Tour de France: The recipe is uncertainty and spectacle

As of: December 28, 2023 7:08 a.m

The Tour de France 2023 was once again characterized by the exciting duel between Tadej Pogacar and Jonas Vingegaard. Sports show reporter Uli Fritz remembers.

The duel – once again it fascinated me, like millions of others: Jonas Vingegaard against Tadej Pogacar – the Dane and the Slovenian in the fight for seconds, two thin men on their high-tech bikes who give each other nothing, absolutely nothing.

The Dane is in the lead again at the end, like in 2022. Pogacar has previously won the tour twice.

The tour has become more exciting than I have ever experienced before: I have been there since 1996 – with only one interruption in 2012.

Tour de France needs uncertainty and spectacle

Route planning has become more imaginative and innovative in recent years. The organizers of the tour sometimes counter the increasing scientific nature of cycling with the dominance of wattage, calorie counting and optimized equipment with wild routes.

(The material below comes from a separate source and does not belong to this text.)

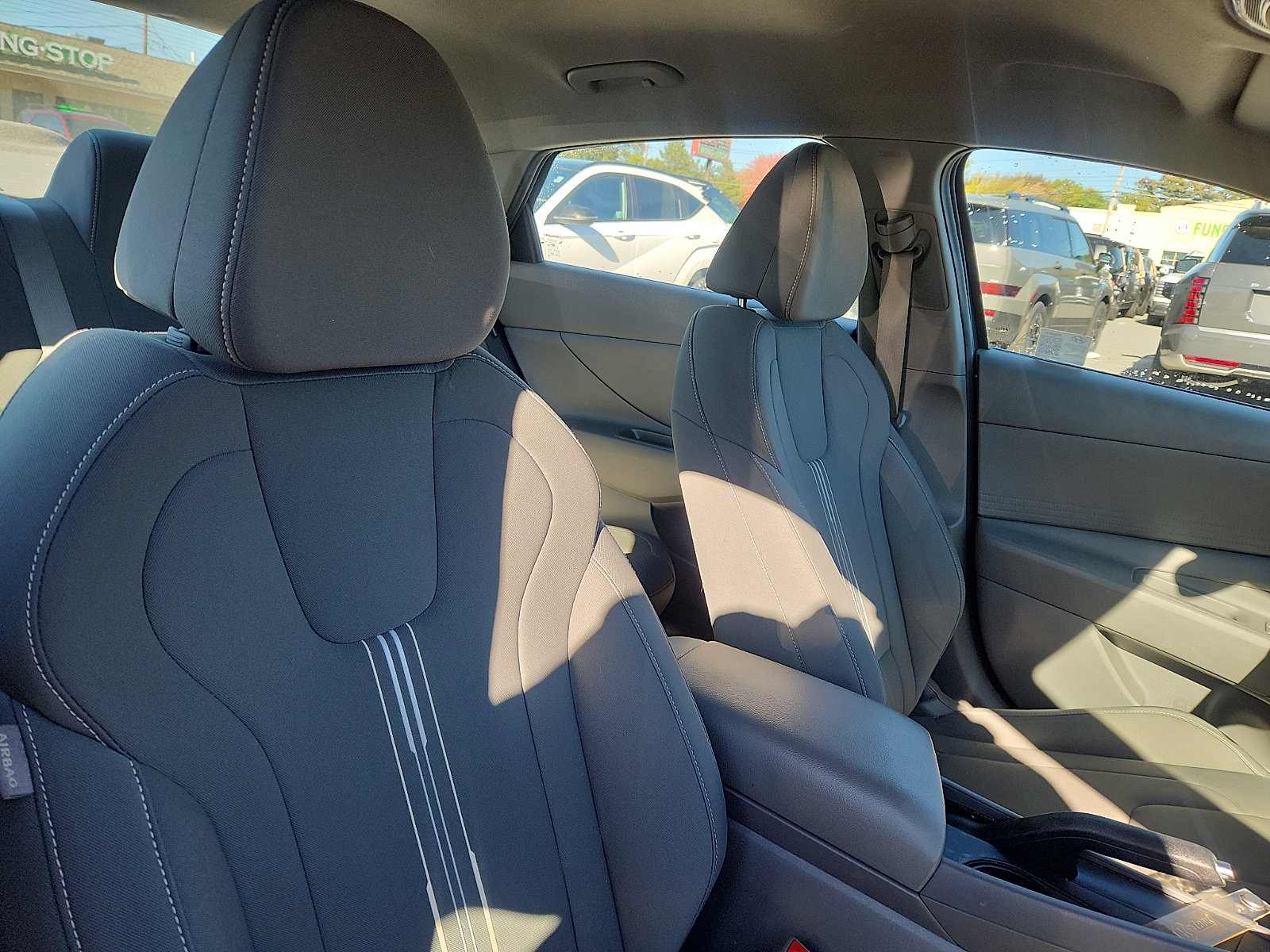 Certified 2024 Hyundai Elantra SEL FWD image 31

Ramps of 18 percent and more in the final, often difficult descents before the finish line, because the watt meters are of no use, preferably cobblestones and gravel roads – because luck and chance should also be involved, no matter how bad it may be for the individual , when planning for an entire year is lost due to a fall or an untimely defect.

But the tour needs uncertainty and: the spectacle. This includes the fans at the side of the track, especially in high mountains. And there are more and more, more and more. Yes, then a camera motorcycle even has to stop and slow down Tadej Pogacar because the line has become so dense.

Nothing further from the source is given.